The group has identified an alarming fall in vacancy rates, with London’s West End holding just a 1.7% vacancy rate for new space, highlighting just how little commercial real estate is available in London.

There are several reasons for an increase in new office space demand, and mounting costs to renovate the existing stockpile, according to JLL. 

Firstly, not enough new space is being built, with new builds since 2020 and ongoing construction accounting for less than 15% of the market.

Much of the stock that remains is rapidly aging. More than 9 million square meters of London office space is in need of “significant” upgrades in order to meet modern standards, the group says.

Firms look to renew office space

Part of the demand for better office space has also come from what Phil Ryan, Director of Global Research for City Futures at JLL, calls a “reversion from overcorrection.”

“Let’s say you’re a major financial or professional services firm. And you said, ‘We think in 2022 this is what the future of our workplace plan is going to look like,’ and you said, ‘I’m going to sign a lease and right size by 35%.’ You get a really nice quality new location. Your employees really like it. 

“And you’re also seeing the market around you move towards a more aggressive return to Office schedule. Now we’ve run into a problem. We can’t actually accommodate in the space that we have, so we need some spillover.”

Ryan says businesses are addressing spillover needs by sub-leasing additional office space or investing in flexible workspaces.

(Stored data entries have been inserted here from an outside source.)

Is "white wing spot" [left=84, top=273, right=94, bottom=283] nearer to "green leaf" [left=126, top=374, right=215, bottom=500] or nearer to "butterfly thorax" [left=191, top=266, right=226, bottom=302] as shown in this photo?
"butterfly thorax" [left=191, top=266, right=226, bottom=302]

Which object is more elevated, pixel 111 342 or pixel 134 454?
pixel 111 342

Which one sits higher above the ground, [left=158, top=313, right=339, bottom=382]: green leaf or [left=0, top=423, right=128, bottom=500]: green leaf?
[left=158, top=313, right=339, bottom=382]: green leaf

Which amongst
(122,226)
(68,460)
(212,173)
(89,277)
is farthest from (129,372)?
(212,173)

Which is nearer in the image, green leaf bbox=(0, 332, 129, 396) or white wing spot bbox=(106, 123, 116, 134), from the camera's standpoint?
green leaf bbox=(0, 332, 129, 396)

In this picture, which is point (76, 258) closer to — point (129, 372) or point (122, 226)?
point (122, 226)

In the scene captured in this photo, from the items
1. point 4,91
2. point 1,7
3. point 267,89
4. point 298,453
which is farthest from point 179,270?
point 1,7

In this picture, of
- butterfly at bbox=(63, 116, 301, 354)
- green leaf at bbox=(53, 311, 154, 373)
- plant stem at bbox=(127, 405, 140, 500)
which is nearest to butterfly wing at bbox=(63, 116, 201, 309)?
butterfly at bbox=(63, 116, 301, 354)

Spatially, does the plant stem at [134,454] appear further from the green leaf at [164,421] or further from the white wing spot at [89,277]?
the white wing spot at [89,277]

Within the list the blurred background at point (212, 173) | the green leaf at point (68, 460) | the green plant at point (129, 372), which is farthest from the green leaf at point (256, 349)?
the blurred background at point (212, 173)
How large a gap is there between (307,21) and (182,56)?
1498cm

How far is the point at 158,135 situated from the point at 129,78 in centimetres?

“It’s something that’s probably going to be driving a bit of the demand on bringing existing product back up, because those types of leases are a bit unusual. Either they’re a bit more temporary until maybe a better space down the line can be found where you can bring them all under one roof.”

Many companies are motivated to bring back employees to improve collaboration or amp up productivity.

Another motivation, though, is likely to get the most benefit out of their hefty real estate outlays. One in three respondents to a survey by Resume.org last December said lease agreements were the driving factor behind their push to get employees back to the office. 

For other companies, the biggest challenge is increasingly not having enough space. During the initial years of the pandemic, several firms gave up expensive leases rather than extend them amid uncertainties about a return to normal, or what a “new normal” would like.

JLL has in the past pointed out that firms wouldn’t be able to match their ambitious RTO mandates with their current level of floorspace for their employees, effectively limiting them to a hybrid, hotdesking model.

As demand ticks back up, there is also an acceptance that more variance in office quality needs to come to the market, after companies snapped up the high-quality spaces.

“We haven’t had the supply of that very good, but not the absolute best space coming through in overall supply,” Cameron Ramsey, a senior director in capital markets research at JLL, told Fortune. 

What’s encouraging though, according to Ramsey, is that more fixed hybrid working structures could spell an end to the uncertainty that has whirred on for five years since the onset of the COVID-19 pandemic.

“People are generally fairly comfortable with their hybrid work strategy,” Ramsey added. “And that’s enabling people to say, right, we know what we need, let’s get out into the market and find that space.”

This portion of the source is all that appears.